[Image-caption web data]

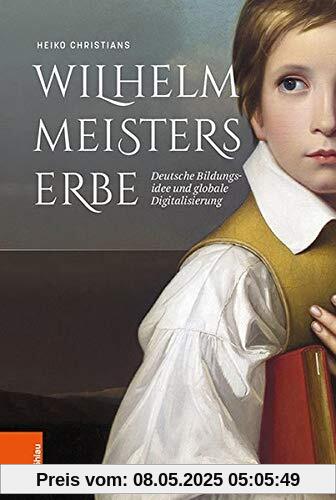 Wilhelm Meisters Erbe: Deutsche Bildungsidee und globale Digitalisierung. Eine Inventur Wilhelm Meisters Erbe: Deutsche Bildungsidee und globale Digitalisierung. Eine Inventur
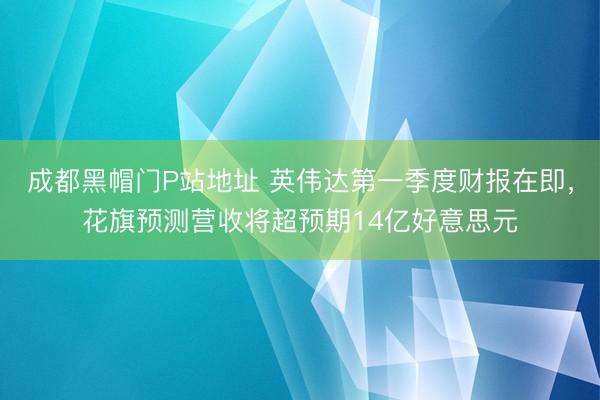 成都黑帽门P站地址 英伟达第一季度财报在即，花旗预测营收将超预期14亿好意思元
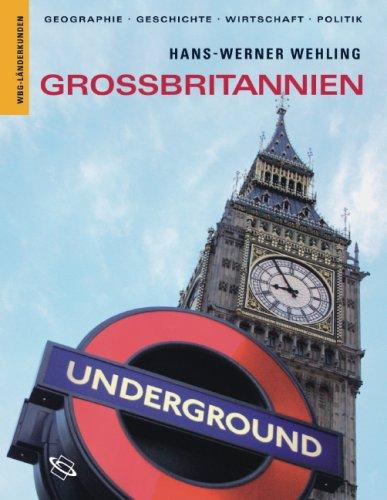 Großbritannien: Geographie, Geschichte, Wirtschaft, Politik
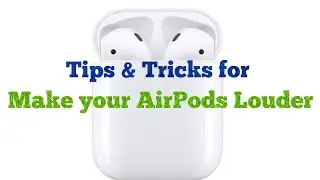 How to Make your AirPods Louder? Tips & Tricks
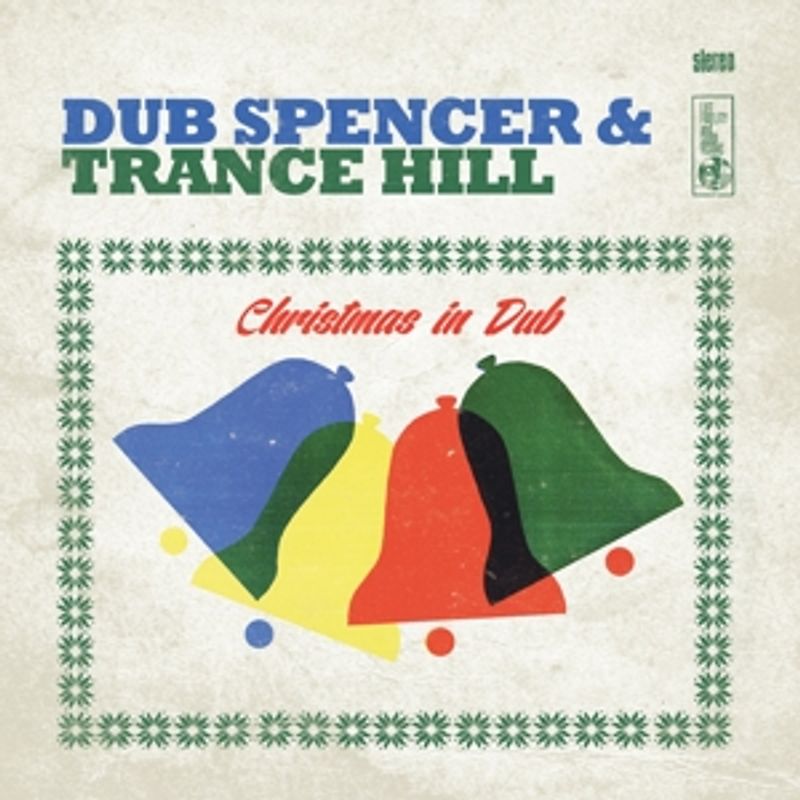 Dub Spencer & Trance Hill - Christmas In Dub
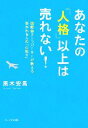  あなたの「人格」以上は売れない！ 国際線チーフパーサーが教える好かれる人の「心配り」／黒木安馬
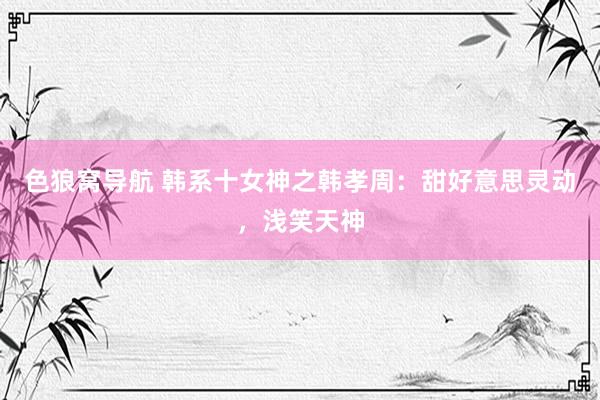 色狼窝导航 韩系十女神之韩孝周:甜好意思灵动,浅笑天神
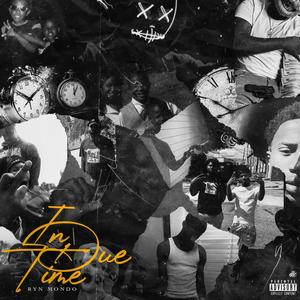 In Due Time (Explicit)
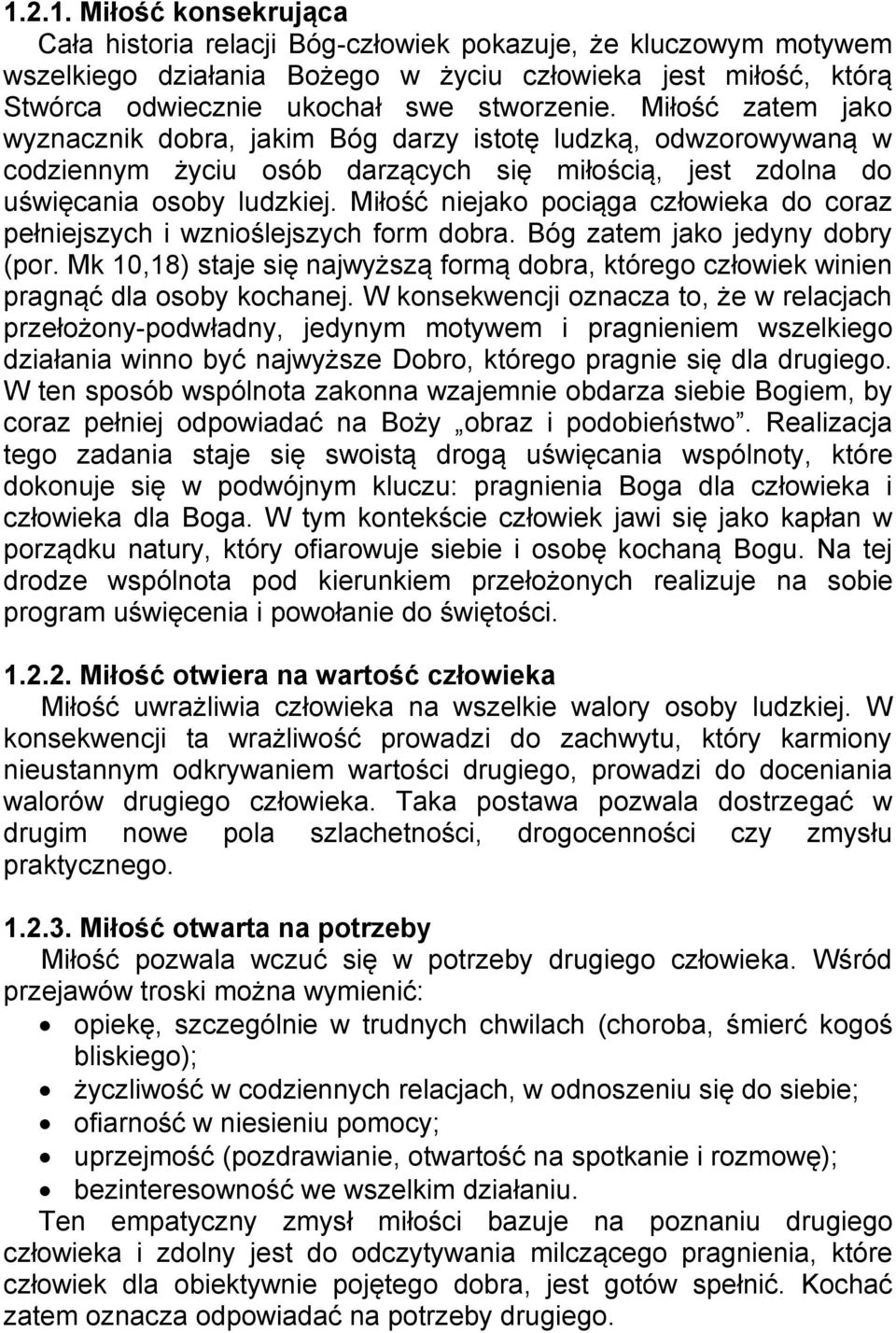Miłość niejako pociąga człowieka do coraz pełniejszych i wznioślejszych form dobra. Bóg zatem jako jedyny dobry (por.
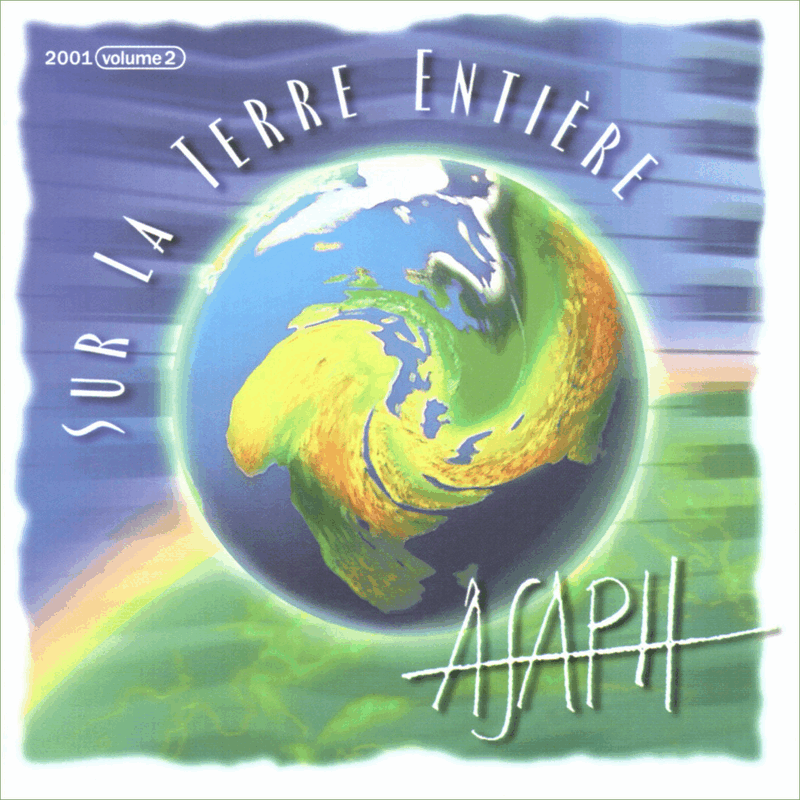 Asaph 2001 - Sur la terre entire - Cliquez sur l'Image pour la Fermer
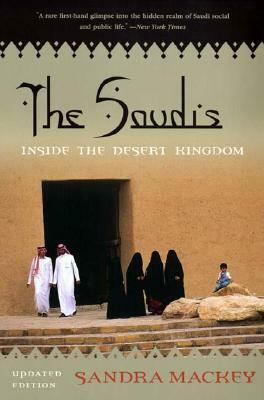 The Saudis: Inside the Desert Kingdom by Sandra Mackey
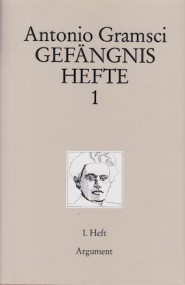 Thomas Barfuss über Antonio Gramsci: Gefängnishefte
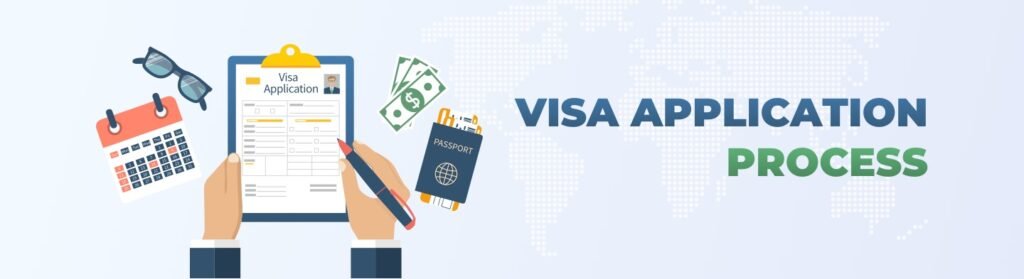 Visa Application Process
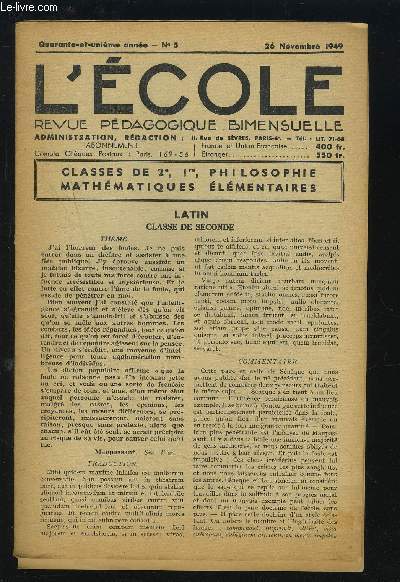 L'ECOLE - REVUE PEDAGOGIQUE N5 - 26 NOVEMBRE 1949 : CLASSES DE 2, 1, PHILOSOPHIE MATHEMATIQUES ELEMENTAIRES - LATIN CLASSE DE SECONDE + CLASSE DE PREMIERE / FRANCAIS + MATHEMATIQUES ET SCIENCES CLASSE DE PREMIERE + PHILOSOPHIE...ETC.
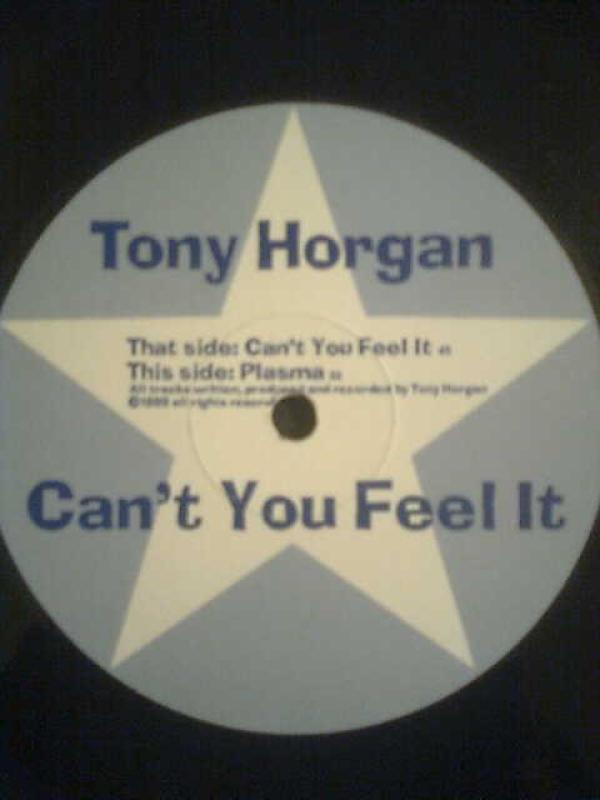 Tony Horgan - Can't You Feel It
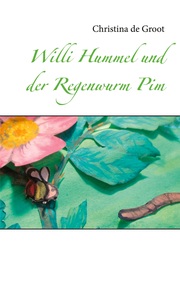 Willi Hummel und der Regenwurm Pim - Cover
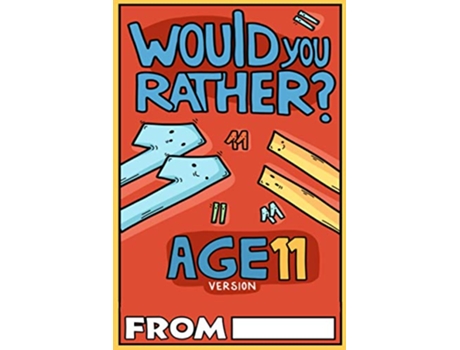 Livro Would You Rather Age 11 Version Would You Rather Questions for 11 Year Olds Would You Rather For Kids de Billy Chuckle (Inglês)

# Brief
The lines from the top of the data above through the one holding "Miłość niejako pociąga" are to be repeated exactly, and only those, with no pictures.

# Result of the exercise
 Wilhelm Meisters Erbe: Deutsche Bildungsidee und globale Digitalisierung. Eine Inventur Wilhelm Meisters Erbe: Deutsche Bildungsidee und globale Digitalisierung. Eine Inventur
 成都黑帽门P站地址 英伟达第一季度财报在即，花旗预测营收将超预期14亿好意思元
 Großbritannien: Geographie, Geschichte, Wirtschaft, Politik
 How to Make your AirPods Louder? Tips & Tricks
 Dub Spencer & Trance Hill - Christmas In Dub
  あなたの「人格」以上は売れない！ 国際線チーフパーサーが教える好かれる人の「心配り」／黒木安馬
 色狼窝导航 韩系十女神之韩孝周:甜好意思灵动,浅笑天神
 In Due Time (Explicit)
Miłość niejako pociąga człowieka do coraz pełniejszych i wznioślejszych form dobra. Bóg zatem jako jedyny dobry (por.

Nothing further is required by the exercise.